Written by Travis Mlakar
Is a paper shortage coming, as a popular blog may suggest? No. What is coming, however, is a seismic change that, in order to ensure a proper flow of material, will require a commitment from the entire industry – from mill to merchant to printer - to align more closely with each other for the future. Let me explain…
As the industry continues to wrestle with secular decline, it is starting to accept reality. The prices at which paper has been selling are too low. Too many mills, particularly on the coated side, are not making money. (Look at Verso and NewPage who both reported massive losses in the first quarter of this year, as well as Sappi, who had to make adjustments by reducing 5% of its US workforce). So mills are facing a situation where they must make more money to be financially viable, and they must do so while selling fewer tons into a market with declining demand. That simply means their price per ton must go up. This isn’t wishful thinking; this is survival.
What the rest of the industry must now accept is the lowest price is no longer necessarily the best price. The lowest cost (and there is a huge difference between price and cost) of a quality product that one can get from a financially viable supplier (and this is true for mills and merchants) is the best solution.
So, why are some analysts saying there could be a shortage? Simple economics are forcing mills to reduce capacity to bring supply and demand into line and ultimately drive up “per ton” prices to sustainable levels.

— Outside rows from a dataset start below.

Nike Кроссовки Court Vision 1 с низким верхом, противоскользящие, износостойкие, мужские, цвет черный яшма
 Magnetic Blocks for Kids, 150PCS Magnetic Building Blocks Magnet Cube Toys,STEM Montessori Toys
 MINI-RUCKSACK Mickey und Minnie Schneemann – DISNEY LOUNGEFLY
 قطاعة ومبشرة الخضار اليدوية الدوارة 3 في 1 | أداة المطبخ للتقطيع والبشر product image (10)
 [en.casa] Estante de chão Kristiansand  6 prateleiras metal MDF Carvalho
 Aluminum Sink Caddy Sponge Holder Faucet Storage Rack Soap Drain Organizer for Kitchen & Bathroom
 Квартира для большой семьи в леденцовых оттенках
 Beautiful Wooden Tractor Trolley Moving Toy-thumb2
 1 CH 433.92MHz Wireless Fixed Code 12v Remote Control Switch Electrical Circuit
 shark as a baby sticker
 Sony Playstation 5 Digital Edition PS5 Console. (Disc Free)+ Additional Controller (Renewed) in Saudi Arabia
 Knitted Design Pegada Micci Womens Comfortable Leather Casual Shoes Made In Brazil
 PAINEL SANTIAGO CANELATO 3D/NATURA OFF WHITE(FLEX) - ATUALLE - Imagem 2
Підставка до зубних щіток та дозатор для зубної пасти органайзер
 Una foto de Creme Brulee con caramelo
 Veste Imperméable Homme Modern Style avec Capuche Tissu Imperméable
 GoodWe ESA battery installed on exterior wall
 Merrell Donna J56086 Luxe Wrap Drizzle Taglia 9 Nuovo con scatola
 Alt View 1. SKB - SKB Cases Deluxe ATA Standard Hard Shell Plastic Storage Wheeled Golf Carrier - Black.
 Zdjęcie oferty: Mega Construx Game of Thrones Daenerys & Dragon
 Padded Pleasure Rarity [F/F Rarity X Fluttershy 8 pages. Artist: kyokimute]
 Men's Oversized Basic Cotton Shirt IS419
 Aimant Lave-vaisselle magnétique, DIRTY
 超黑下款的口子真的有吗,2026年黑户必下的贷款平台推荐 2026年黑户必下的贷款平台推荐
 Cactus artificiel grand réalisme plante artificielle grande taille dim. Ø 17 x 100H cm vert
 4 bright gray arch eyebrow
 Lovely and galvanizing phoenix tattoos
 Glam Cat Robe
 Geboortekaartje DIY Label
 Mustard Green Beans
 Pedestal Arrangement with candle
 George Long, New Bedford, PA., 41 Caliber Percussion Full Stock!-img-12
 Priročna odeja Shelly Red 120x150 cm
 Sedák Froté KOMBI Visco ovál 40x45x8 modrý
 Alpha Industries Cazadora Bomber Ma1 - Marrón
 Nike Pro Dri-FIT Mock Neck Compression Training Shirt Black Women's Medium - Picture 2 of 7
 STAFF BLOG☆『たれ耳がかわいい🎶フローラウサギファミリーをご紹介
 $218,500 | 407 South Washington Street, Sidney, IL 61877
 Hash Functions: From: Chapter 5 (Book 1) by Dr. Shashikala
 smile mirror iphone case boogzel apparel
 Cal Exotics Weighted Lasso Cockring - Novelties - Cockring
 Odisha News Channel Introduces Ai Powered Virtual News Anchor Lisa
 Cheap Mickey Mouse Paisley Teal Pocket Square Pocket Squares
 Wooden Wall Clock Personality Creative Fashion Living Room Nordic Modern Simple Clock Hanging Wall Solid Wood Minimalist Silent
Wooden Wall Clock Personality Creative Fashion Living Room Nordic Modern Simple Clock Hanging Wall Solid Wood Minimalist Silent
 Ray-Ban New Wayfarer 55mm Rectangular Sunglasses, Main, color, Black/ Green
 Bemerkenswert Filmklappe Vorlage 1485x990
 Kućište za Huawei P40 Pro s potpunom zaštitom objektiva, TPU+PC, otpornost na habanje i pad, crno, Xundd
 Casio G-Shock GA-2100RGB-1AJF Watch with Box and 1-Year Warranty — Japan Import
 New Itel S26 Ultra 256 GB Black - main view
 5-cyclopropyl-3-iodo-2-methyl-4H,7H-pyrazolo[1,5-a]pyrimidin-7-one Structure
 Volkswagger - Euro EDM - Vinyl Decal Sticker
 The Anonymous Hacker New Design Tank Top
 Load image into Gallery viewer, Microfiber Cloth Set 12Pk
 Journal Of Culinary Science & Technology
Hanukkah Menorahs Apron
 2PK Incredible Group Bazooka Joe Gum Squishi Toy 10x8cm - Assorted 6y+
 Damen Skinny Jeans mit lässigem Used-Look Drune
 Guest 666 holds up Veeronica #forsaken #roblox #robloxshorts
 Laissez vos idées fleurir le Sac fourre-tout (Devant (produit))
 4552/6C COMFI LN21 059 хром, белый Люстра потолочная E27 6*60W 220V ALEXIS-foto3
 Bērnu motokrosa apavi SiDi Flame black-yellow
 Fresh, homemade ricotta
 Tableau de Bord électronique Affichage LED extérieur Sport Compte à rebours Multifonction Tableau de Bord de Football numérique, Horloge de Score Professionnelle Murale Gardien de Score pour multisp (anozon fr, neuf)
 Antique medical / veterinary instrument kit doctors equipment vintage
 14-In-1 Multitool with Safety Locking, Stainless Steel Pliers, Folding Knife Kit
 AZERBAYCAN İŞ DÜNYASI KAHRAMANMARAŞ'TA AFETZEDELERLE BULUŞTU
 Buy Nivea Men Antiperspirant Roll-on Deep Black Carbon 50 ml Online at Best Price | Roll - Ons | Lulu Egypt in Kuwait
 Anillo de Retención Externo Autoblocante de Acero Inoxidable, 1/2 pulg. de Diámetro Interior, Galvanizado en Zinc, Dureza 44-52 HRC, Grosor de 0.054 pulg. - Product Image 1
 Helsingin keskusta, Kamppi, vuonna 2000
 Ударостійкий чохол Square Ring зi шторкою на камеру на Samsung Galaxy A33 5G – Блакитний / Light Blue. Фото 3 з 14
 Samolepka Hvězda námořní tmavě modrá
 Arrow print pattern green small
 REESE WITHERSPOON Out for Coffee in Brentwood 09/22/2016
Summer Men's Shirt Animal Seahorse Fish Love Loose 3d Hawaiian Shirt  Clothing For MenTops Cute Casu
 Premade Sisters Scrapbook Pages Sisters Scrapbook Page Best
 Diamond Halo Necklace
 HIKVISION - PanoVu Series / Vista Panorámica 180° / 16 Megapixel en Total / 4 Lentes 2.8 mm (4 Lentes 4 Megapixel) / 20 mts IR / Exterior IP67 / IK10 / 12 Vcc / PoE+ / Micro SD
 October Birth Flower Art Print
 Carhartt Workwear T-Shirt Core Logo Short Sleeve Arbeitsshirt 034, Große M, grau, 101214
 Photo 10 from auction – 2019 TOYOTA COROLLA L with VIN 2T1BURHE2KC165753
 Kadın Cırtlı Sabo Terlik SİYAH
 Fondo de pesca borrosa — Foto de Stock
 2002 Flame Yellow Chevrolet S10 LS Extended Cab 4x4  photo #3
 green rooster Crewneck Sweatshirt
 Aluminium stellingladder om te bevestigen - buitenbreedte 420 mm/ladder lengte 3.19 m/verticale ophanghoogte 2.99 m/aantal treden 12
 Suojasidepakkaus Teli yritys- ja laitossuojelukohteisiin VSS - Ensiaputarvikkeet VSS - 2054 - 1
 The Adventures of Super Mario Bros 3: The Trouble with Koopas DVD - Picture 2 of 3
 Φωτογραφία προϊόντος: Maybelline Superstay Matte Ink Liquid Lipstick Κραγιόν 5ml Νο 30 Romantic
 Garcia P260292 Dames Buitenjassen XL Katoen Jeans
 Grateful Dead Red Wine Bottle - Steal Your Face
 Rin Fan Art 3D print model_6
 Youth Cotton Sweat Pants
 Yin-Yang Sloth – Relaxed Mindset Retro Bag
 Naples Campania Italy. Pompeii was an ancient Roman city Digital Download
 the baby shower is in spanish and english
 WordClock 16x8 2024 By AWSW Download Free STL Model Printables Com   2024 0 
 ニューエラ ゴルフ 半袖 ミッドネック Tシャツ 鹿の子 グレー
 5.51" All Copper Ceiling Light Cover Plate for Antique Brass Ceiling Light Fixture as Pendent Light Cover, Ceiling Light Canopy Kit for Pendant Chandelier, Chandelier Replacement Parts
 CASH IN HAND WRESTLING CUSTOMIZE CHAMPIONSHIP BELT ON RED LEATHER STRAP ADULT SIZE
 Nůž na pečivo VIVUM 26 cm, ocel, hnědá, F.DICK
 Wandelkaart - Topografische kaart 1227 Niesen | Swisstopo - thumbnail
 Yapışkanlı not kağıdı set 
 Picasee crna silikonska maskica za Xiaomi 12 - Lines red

When mills do this, what “tons” are they walking away from? The simple answer is: the lowest priced and least loyal ones. Mills are walking away from transactional business. I just talked with one of the largest manufacturers in North America who said 10 years ago, 30% of their volume was from spot or transactional orders. Today that volume is under 10%. Producers are no longer willing to play in that arena because they realize the price on those tons is completely unsustainable. This may lead to a “shortage” per say for buyers who are used to bouncing their business from supplier to supplier to find the lowest price. They can still try to do this…but their orders will fall to the bottom of the priority list, pushing ready dates out and creating the impression that “there isn’t enough paper.”
The key now is to align tons with a set supply chain. Manage costs, not prices. Find ways to lower total procurement expenses (cost to quote/acquire product, freight, inventory, invoicing, etc.). Develop and maintain a steady, sustainable supply chain that will help you turn orders quickly and service your customers consistently.
Remember, you get what you pay for. Isn’t it time to start paying for sustainability, reliability, service and support? If not, don’t be surprised to find customers looking elsewhere for partners who do.